I am a perfectionist and have always had an utter disdain for failure. This has kept me from trying a lot of things in my life. Having finally accepted that failure is a requirement for a fulfilling and diversified life experience, I have created this year long project in an attempt to become comfortable with the idea of failing. This blog chronicles my journey with failure.
Tuesday, January 18, 2011
Day 18: Headed to Class
Today marks the beginning of my spring semester of college. After continuing my evening reading of "Pour Your Heart Into It" by Howard Schultz, I began to question my entire college career path. Such anxiety caused me to lay awake in bed, contemplating the meaning of my existence. Add this to the fact that I had a sore throat and was woe-some about having caught a cold. As a result of these thoughts and circumstances, I only got about 2 hours of sleep last night. So this morning, when my alarm inevitably went off, I strongly considered sleeping in and not going to class.

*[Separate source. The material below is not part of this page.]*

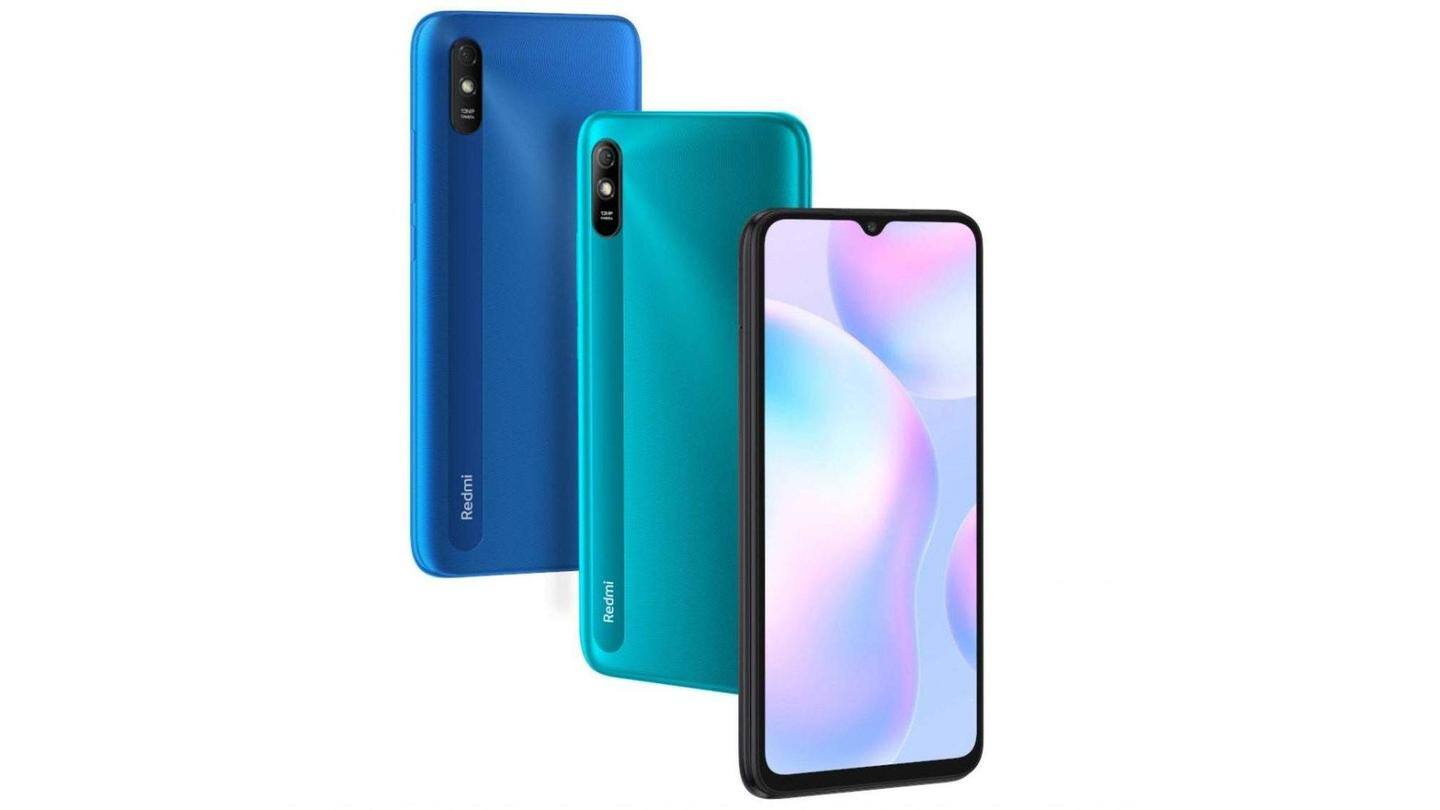 Redmi 9a Peacock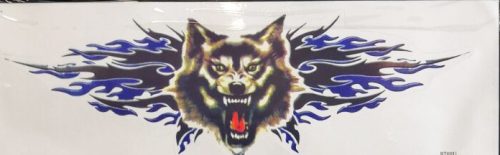 Wolf matrica, 45cmX20cm - HD-Devil_19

What if I am unable to stay awake?
What if I feel like crap all day as a result of not getting enough sleep?
What if my cold gets worse, and I realize that I should have skipped class?

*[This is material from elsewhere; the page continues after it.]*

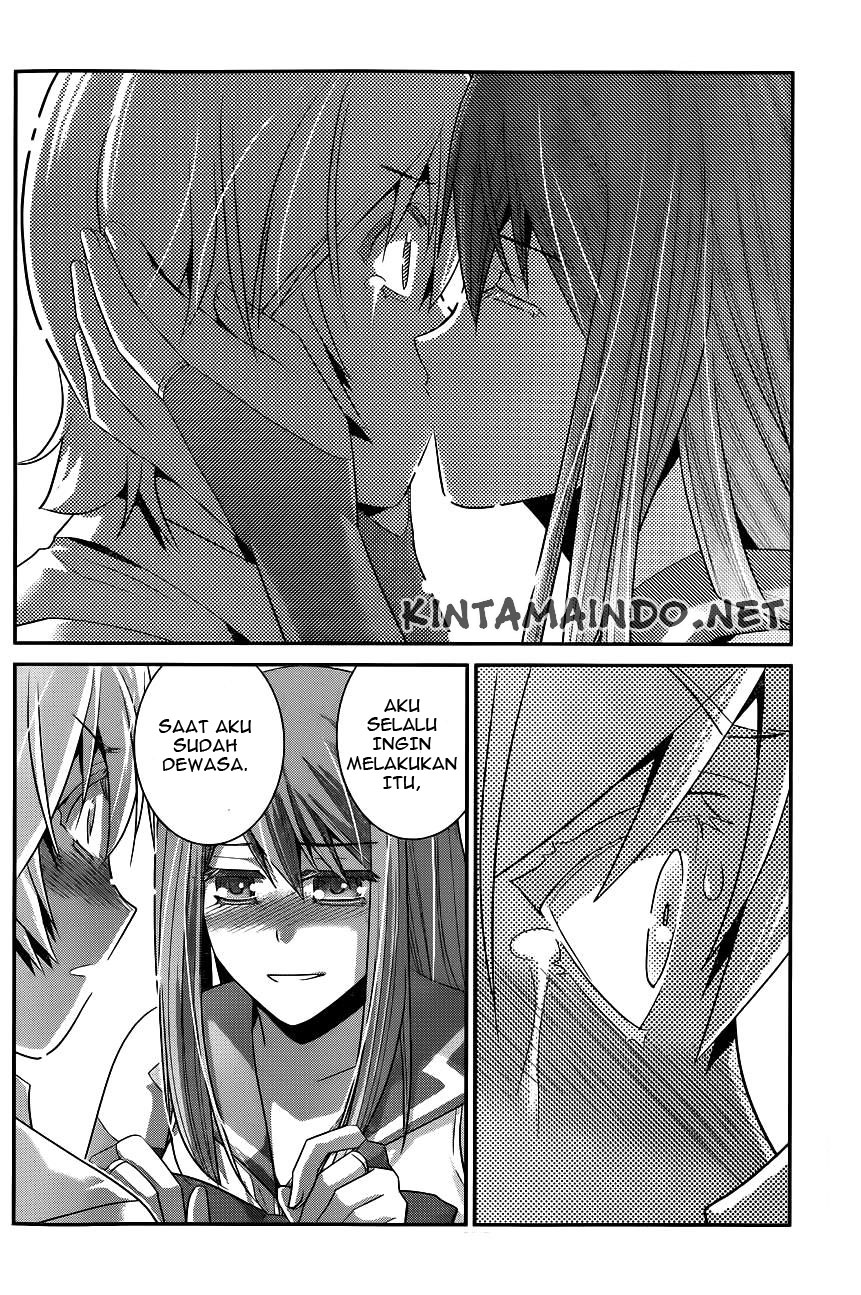 Baca Gokukoku no Brynhildr - Chapter 98 halaman 10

Despite much resistance and fear, I pushed these thoughts aside and got out of bed. I proceeded to school, fully knowing that the day that lies ahead of me may, in fact, suck ass.
Result: I attended my first class. It is currently 11:45am, and despite my many fears and worries, I feel relatively okay. I could feel better. I could feel worse. But all in all, I am okay, and I am glad that I went to class.